Sutures will be removed.
DBS Programming:
Initially, a monopolar survey will be conducted with frequency set to 150 Hz and pulse width
to 90 microseconds. Constant current amplitude will be used and increased in a step-wise
fashion as tolerated and without exceeding current density upper limits. The constant current
setting is particularly useful in the early weeks to months following surgery when impedances
are still changing. In order to elicit a mirth response, amplitude needs to return to 0
microamps for about 30 seconds before testing the next increment. For example, if 2mA, C+1,
90usec, 150Hz is ineffective, then amplitude is reduced to 0mA for 30 seconds and then
rapidly increased to 4mA, C+1-, 90usec, 150Hz. Soft start needs to be turned off. Bipolar
settings will also be tested and need to be used during rsfMRI. DBS parameters will be
optimized/adjusted based on clinical evaluation of mood and anxiety and to minimize side
effects. The following observed effects will be recorded via a scale used in a past study:
facial expression, nervousness, alertness, and positive or negative affect.
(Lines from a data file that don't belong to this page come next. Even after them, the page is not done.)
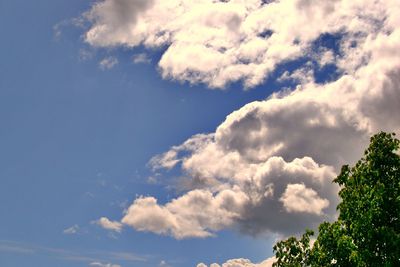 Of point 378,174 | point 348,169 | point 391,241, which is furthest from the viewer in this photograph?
point 348,169

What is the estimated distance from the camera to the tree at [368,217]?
79.5ft

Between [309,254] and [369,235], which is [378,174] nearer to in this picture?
[369,235]

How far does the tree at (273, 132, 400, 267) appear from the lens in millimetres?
24219

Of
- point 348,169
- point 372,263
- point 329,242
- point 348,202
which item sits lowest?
point 372,263

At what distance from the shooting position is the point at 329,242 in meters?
26.7

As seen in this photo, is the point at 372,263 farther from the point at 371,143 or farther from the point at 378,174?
the point at 371,143

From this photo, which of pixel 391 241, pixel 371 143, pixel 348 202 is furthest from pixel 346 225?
pixel 371 143

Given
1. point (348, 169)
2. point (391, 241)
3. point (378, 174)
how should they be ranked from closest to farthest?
point (391, 241), point (378, 174), point (348, 169)

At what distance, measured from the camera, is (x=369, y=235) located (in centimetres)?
2422

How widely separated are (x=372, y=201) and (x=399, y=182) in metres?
2.14

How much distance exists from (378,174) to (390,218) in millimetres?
2351

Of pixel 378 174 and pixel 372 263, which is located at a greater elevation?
pixel 378 174

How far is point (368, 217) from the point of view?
24.4 meters

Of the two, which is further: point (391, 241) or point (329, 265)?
point (329, 265) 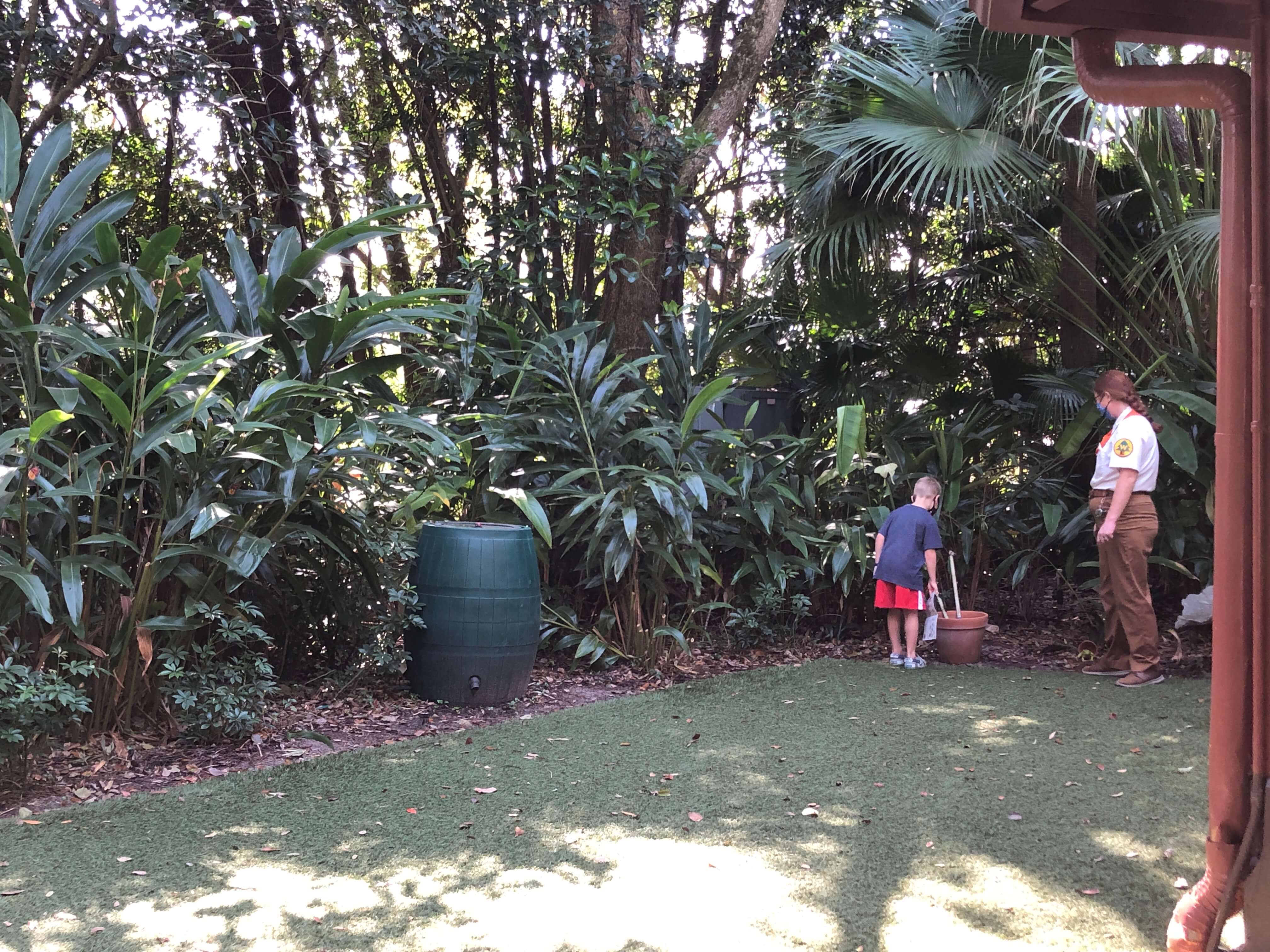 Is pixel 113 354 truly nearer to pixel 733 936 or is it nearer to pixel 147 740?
pixel 147 740

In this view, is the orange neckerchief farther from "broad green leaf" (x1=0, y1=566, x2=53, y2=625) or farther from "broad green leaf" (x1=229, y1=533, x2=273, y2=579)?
"broad green leaf" (x1=0, y1=566, x2=53, y2=625)

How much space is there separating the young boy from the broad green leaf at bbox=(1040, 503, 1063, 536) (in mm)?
786

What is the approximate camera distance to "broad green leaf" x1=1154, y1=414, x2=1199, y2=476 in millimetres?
5305

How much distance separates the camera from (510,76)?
22.7 feet

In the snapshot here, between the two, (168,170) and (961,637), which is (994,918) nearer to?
(961,637)

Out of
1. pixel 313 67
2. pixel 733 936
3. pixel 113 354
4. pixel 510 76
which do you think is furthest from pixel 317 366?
pixel 313 67

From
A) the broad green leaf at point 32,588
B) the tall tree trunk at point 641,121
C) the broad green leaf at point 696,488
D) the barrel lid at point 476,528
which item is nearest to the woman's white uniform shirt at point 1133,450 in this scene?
the broad green leaf at point 696,488

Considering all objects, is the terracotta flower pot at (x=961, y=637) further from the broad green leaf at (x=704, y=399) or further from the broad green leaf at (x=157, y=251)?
the broad green leaf at (x=157, y=251)

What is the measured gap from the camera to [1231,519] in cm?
197

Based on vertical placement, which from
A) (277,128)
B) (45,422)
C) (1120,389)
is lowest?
(45,422)

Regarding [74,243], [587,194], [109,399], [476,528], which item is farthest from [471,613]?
[587,194]

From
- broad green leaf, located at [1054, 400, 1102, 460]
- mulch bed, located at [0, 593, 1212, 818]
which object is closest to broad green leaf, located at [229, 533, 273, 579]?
mulch bed, located at [0, 593, 1212, 818]

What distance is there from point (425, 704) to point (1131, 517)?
3607 millimetres

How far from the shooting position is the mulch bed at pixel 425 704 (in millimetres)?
3480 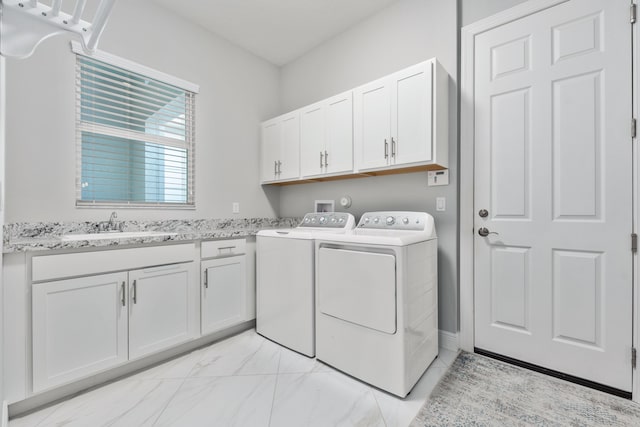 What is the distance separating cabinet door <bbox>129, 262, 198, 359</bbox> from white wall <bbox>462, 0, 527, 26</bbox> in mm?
2710

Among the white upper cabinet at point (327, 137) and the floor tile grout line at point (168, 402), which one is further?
the white upper cabinet at point (327, 137)

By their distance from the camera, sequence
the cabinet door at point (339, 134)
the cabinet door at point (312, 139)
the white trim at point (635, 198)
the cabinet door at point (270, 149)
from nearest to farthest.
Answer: the white trim at point (635, 198) → the cabinet door at point (339, 134) → the cabinet door at point (312, 139) → the cabinet door at point (270, 149)

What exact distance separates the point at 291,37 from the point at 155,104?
146 centimetres

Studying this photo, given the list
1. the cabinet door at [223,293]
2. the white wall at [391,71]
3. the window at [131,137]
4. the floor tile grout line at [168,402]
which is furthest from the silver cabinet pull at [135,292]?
the white wall at [391,71]

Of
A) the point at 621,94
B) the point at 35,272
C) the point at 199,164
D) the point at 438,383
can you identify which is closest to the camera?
the point at 35,272

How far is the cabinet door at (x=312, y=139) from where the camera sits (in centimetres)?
252

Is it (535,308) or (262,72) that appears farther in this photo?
(262,72)

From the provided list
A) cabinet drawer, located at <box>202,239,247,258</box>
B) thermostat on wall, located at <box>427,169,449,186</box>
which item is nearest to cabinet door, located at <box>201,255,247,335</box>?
cabinet drawer, located at <box>202,239,247,258</box>

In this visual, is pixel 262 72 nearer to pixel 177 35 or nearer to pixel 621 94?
pixel 177 35

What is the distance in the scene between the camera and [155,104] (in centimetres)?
236

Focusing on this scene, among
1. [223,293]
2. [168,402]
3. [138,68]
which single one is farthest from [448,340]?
[138,68]

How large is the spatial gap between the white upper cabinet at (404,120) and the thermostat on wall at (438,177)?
75 mm

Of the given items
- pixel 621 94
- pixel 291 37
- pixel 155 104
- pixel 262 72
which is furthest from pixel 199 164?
pixel 621 94

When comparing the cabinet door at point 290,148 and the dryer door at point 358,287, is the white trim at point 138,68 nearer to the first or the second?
the cabinet door at point 290,148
Facial expression
will be measured using the AFAR system. AFAR will measure the maximum intensity and velocity
of the smile response in action units. Participants faces will be recorded on video as their
stimulation is increased to elicit the mirth response. Changes in facial expression using
facial muscles of orbicularis oris (muscle that encircles the mouth) zygomaticus (major and
minor muscles of the angle of the mouth) will be recorded. This information will be used to
train a classifier to recognize that stimulation intensity is too great. The investigators
will also have the subject self-report on changes in mood, anxiety, energy and side effects.